When many drugs offer little or no benefit, how should they be priced? What about drugs that offer significant benefit, but may still be overpriced? The basic problem is that our system does not pay for success, and therefore does not encourage true innovation.

The first step to solving the problem is to evaluate new drugs for their effectiveness compared to existing treatments. Drugs would be categorized by whether they offer no benefit, minor benefit, or significant benefit. A nongovernmental institute, such as the Institute for Clinical and Economic Review, would conduct such studies.

The second step is for the institute to recommend ranges of price increases for each of the categories. For example, if a drug offers no added benefit, its recommended price would be equal to the price of its existing competitor. But if a drug offers significant added benefit, its recommended price increase range would be significant percentage increases over the price of the existing drug.

These guidelines would be voluntary.

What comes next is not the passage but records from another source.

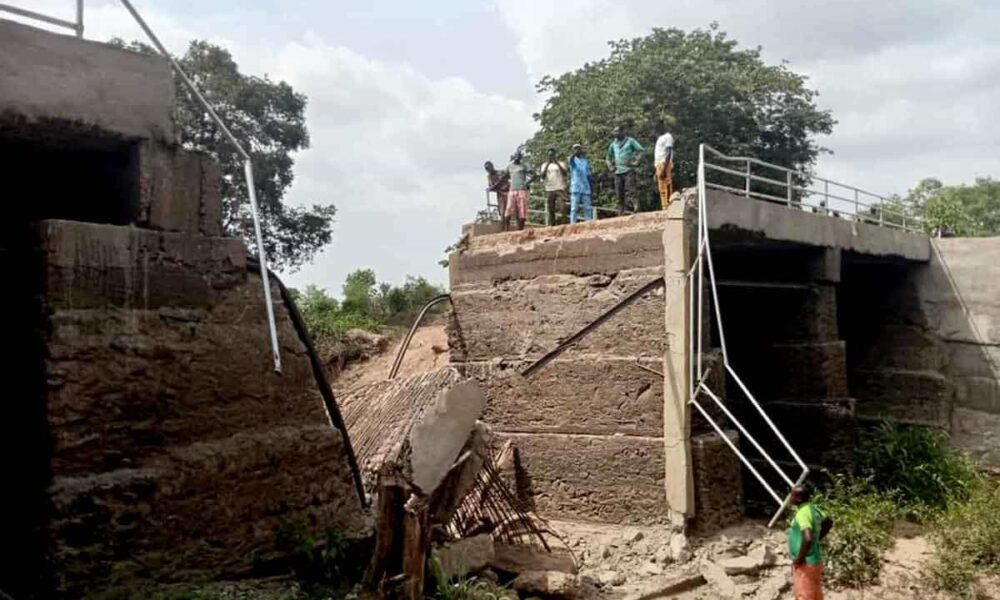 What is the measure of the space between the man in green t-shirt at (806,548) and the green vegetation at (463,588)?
251 centimetres

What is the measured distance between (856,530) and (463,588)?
17.3 feet

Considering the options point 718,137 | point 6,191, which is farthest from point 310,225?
point 6,191

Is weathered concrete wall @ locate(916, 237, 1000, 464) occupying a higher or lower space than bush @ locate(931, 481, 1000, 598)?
higher

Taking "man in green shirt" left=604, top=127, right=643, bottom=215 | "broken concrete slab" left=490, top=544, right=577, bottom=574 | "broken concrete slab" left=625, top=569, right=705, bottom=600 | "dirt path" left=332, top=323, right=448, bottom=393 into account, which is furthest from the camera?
"dirt path" left=332, top=323, right=448, bottom=393

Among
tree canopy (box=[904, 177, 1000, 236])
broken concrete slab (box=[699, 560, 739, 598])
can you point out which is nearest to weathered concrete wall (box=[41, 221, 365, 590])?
broken concrete slab (box=[699, 560, 739, 598])

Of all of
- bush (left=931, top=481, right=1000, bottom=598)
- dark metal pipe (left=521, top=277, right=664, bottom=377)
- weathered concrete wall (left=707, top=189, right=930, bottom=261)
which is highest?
weathered concrete wall (left=707, top=189, right=930, bottom=261)

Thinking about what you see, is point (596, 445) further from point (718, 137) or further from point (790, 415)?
point (718, 137)

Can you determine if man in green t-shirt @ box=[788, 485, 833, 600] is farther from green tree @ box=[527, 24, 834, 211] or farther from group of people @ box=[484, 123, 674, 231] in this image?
green tree @ box=[527, 24, 834, 211]

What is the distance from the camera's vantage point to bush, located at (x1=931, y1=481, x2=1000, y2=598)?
9.02m

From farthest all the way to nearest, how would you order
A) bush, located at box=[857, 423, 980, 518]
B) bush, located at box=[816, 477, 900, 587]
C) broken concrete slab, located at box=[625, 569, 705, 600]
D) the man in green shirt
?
bush, located at box=[857, 423, 980, 518]
the man in green shirt
bush, located at box=[816, 477, 900, 587]
broken concrete slab, located at box=[625, 569, 705, 600]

But if a drug company demands a price that exceeds the recommended range, it would be required to submit a public justification for the price. And if the price exceeds the recommended range by more than 20 percent, the institute would deem it to be unreasonable. In this case, the drug's patent exclusivity would be shortened.

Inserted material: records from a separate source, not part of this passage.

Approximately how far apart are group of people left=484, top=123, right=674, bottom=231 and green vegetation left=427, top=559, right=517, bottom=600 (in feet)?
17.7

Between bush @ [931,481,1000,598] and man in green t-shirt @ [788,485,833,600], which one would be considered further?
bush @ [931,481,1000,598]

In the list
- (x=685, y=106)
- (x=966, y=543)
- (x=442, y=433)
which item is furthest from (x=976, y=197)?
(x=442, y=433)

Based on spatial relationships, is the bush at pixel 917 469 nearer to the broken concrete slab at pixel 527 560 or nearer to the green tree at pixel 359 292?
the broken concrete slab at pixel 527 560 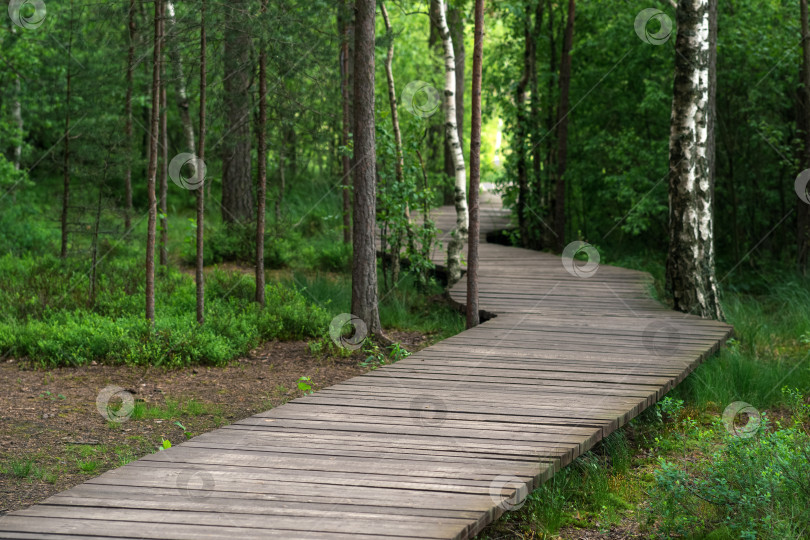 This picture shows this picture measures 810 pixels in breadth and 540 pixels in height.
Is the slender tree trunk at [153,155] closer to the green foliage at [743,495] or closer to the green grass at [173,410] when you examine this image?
the green grass at [173,410]

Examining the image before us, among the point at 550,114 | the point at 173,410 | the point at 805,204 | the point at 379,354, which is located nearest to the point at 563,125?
the point at 550,114

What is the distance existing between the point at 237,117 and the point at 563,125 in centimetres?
564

In addition, if the drug's patent resulted from federally-funded research, the government would license the patent to competitors — unleashing market competition. This incentive is authorized under a little-known and never-invoked provision of law known as the Bayh-Dole Act. Currently, the incentive would apply to more than 9 percent of all new drugs and nearly one quarter of drugs that receive priority review, including many cancer drugs. Since taxpayers paid for the development of these drugs, they shouldn't also have to pay unreasonable prices.

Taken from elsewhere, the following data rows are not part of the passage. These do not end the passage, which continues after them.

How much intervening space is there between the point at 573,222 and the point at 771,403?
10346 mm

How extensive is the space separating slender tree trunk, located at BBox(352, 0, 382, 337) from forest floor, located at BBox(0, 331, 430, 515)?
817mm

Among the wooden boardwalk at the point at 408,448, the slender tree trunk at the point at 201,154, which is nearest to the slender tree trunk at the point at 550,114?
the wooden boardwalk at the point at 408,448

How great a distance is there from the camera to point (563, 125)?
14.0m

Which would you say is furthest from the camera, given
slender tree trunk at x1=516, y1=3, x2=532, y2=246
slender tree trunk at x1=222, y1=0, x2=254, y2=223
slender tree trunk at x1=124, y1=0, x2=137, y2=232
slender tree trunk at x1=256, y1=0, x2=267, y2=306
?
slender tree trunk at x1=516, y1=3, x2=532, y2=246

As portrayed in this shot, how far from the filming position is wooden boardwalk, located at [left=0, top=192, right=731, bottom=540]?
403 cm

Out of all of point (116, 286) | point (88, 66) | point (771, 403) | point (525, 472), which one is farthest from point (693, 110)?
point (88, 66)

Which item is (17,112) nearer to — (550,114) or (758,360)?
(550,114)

These simple reforms would lower drugs costs across the board and ensure that prices reflect the benefits to patients. Because prices paid by private insurance are linked to prices paid by public programs, these reforms would lower prices in both sectors—a holistic approach. And they would bring much-needed transparency and encourage true innovation by rewarding value.

Even though paying for success is common sense, the drug lobby has always had an iron grip on Congress. But the past is not prologue. Polls show that the American public is now demanding action at unprecedented levels. And what can't continue won't; drug prices have become so high that they're simply unsustainable.

Most importantly, much of this approach can be accomplished without congressional action. The evaluation of drugs, and pricing guidelines, can and should be implemented independently of government. And a critical incentive for drug companies to charge reasonable prices is authorized under existing law.

All that is needed is leadership — exercising the power of the bully pulpit — and the will to challenge the status quo. The drug lobby will seek to protect its monopoly prices and economic rents — extracting vast amounts of wealth. It's time for the American people to get a better deal.